- WHAT YOU HAVE TO DO
When you transcribe the data below, reproduce every line exactly and leave each picture out.

- RAW DATA
####################
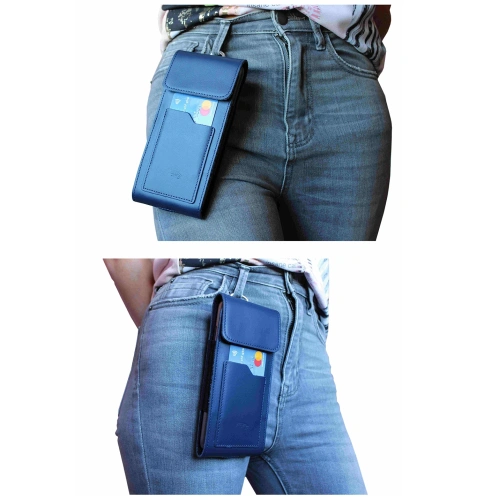 Skórzane etui na szyję / do paska / do szlufki kabura pionowa LURESKO HECTOR XXL 167x78x10mm (niebieski gładki niebieska nić)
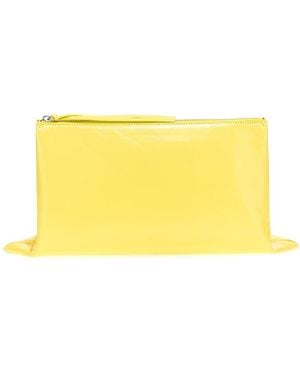 Jil Sander Logo Detailed Zip-Up Clutch Bag - Yellow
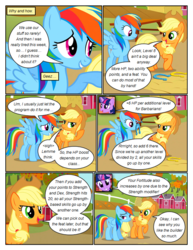 Size: 612x792 | Tagged: safe, artist:newbiespud, edit, edited screencap, screencap, applejack, rainbow dash, twilight sparkle, earth pony, pegasus, pony, unicorn, comic:friendship is dragons, fall weather friends, g4, annoyed, barn, comic, dialogue, female, freckles, frown, grin, hat, haystack, horseshoes, mare, raised hoof, screencap comic, smiling, unicorn twilight
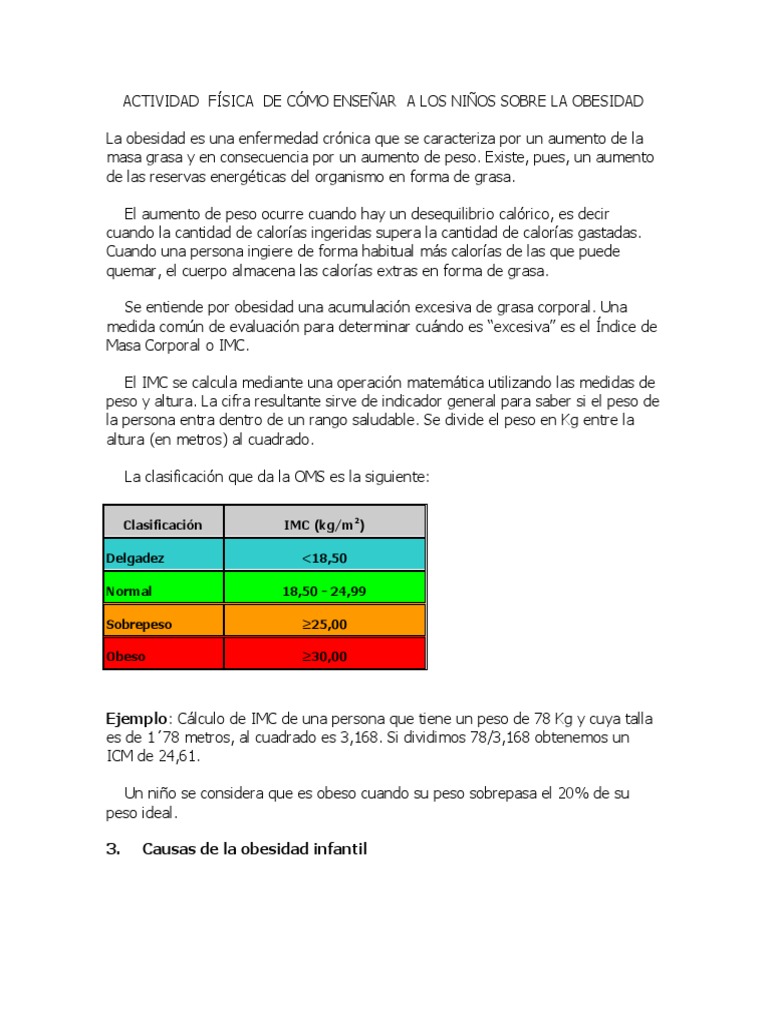 Obesidad Infantil: Causas y Soluciones | PDF | Obesidad | Exceso de peso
####################
- RESULT FOR THIS EXERCISE
 Skórzane etui na szyję / do paska / do szlufki kabura pionowa LURESKO HECTOR XXL 167x78x10mm (niebieski gładki niebieska nić)
 Jil Sander Logo Detailed Zip-Up Clutch Bag - Yellow
 Size: 612x792 | Tagged: safe, artist:newbiespud, edit, edited screencap, screencap, applejack, rainbow dash, twilight sparkle, earth pony, pegasus, pony, unicorn, comic:friendship is dragons, fall weather friends, g4, annoyed, barn, comic, dialogue, female, freckles, frown, grin, hat, haystack, horseshoes, mare, raised hoof, screencap comic, smiling, unicorn twilight
 Obesidad Infantil: Causas y Soluciones | PDF | Obesidad | Exceso de peso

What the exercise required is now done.